▶ [Task description]
All that is needed is an exact repetition of the lines from the one containing "Polo Bear New York basketball shirt" through the final line of the material, without pictures.

▶ [Information given]

Content starts

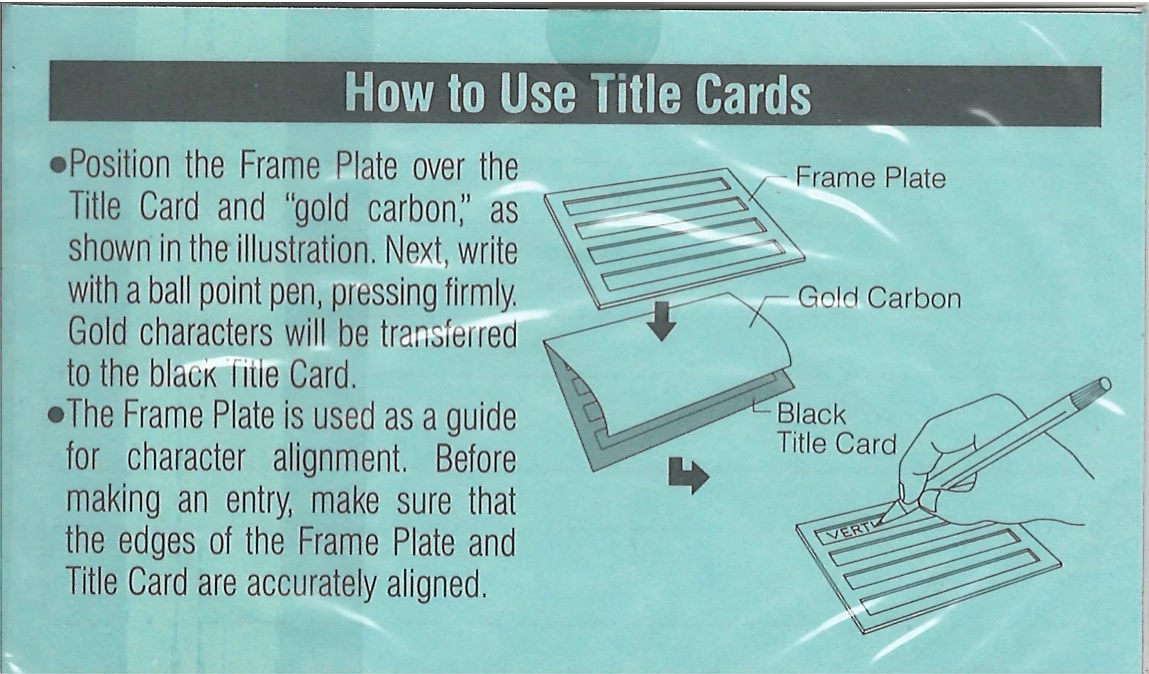 как использовать золотую фольгу для подписывания сторон на кассете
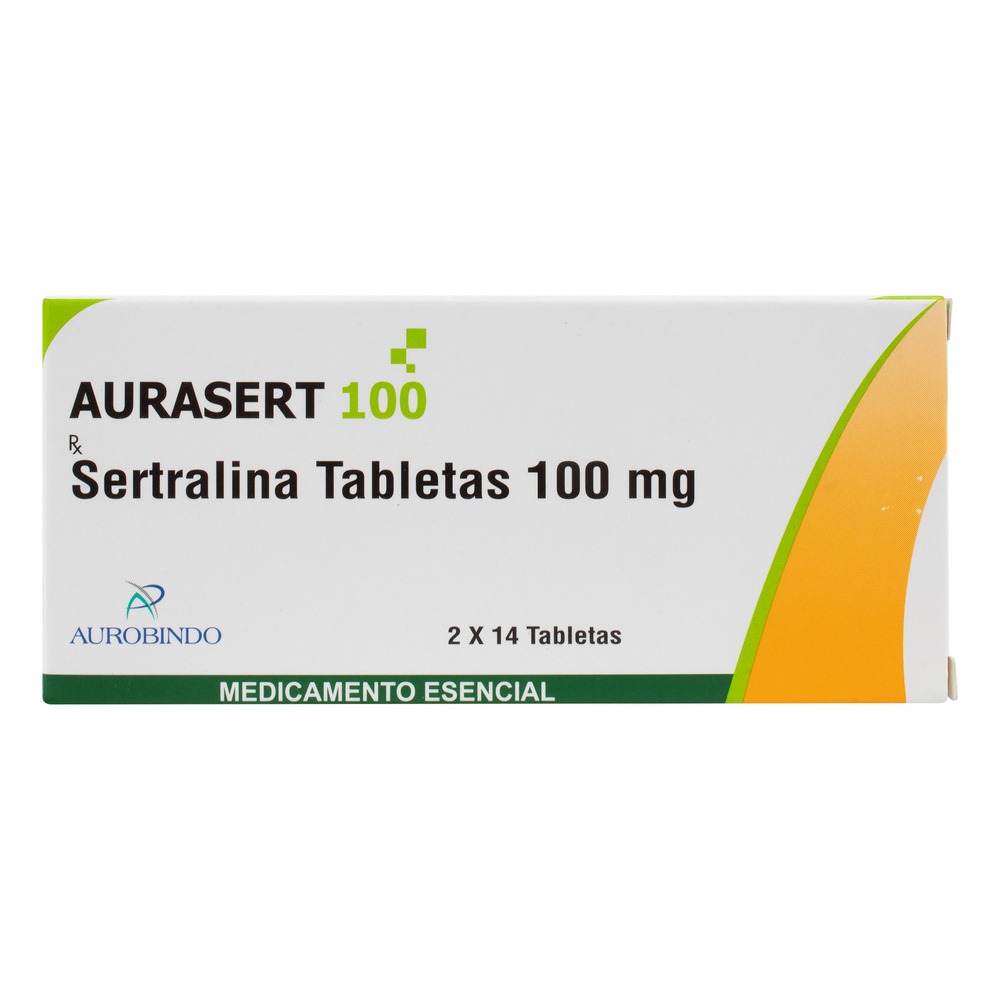 Sertralina 100 mg, 28 tabletas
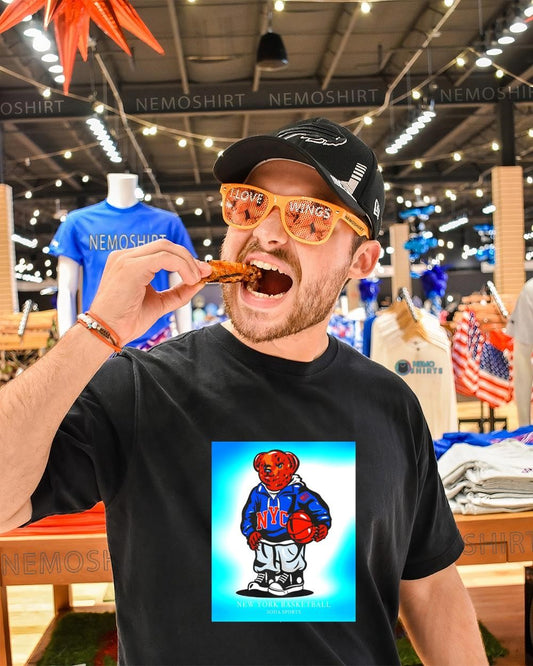 Polo Bear New York basketball shirt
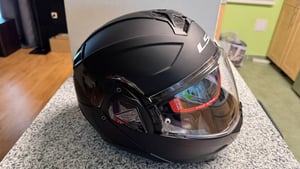 LS2 FF910 Casco ribaltabile Advant II, nero opaco, L (59/60) Foto del cliente 2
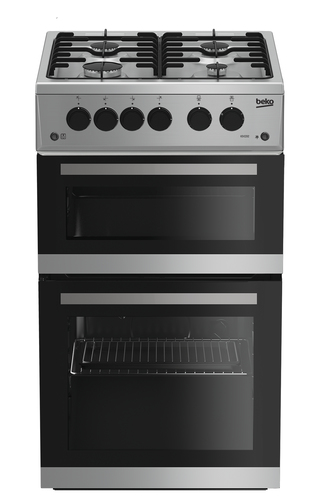 Beko KDVG592 Freestanding cooker Gas Silver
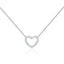0.24 TCW Round Moissanite Diamond Heart Pendent Necklace - crownmoissanite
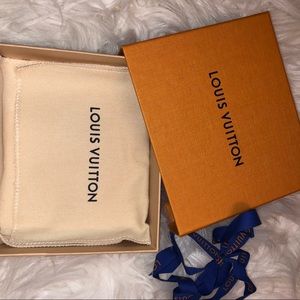 Mini Louis Vuitton box with dust bag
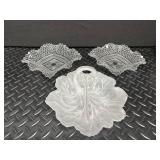 Mixed Glass Serving Dishes & Compote Set (Lot of 7)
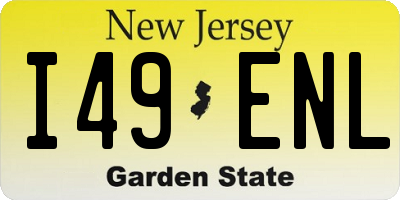 NJ license plate I49ENL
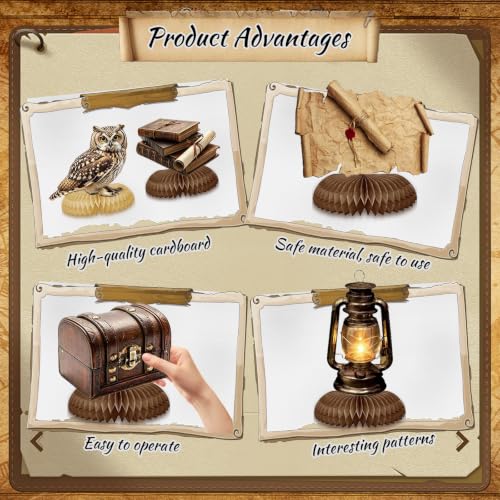 11 Pcs Magical Wizard Honeycomb Centerpieces for Parties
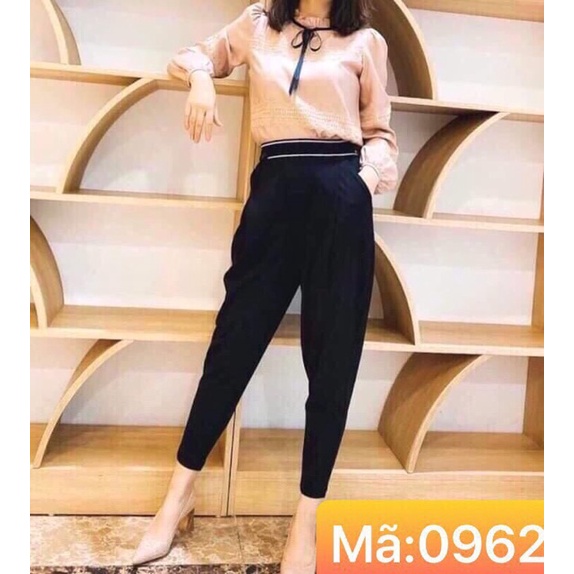 QUẦN BOM UMI CẠP CHỮ - QUẦN BAGGY CÔNG SỞ CẠP CHỮ SIÊU HOT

Content ends

▶ [Worked solution]
 Polo Bear New York basketball shirt
 LS2 FF910 Casco ribaltabile Advant II, nero opaco, L (59/60) Foto del cliente 2
 Beko KDVG592 Freestanding cooker Gas Silver
0.24 TCW Round Moissanite Diamond Heart Pendent Necklace - crownmoissanite
 Mini Louis Vuitton box with dust bag
 Mixed Glass Serving Dishes & Compote Set (Lot of 7)
 NJ license plate I49ENL
 11 Pcs Magical Wizard Honeycomb Centerpieces for Parties
 QUẦN BOM UMI CẠP CHỮ - QUẦN BAGGY CÔNG SỞ CẠP CHỮ SIÊU HOT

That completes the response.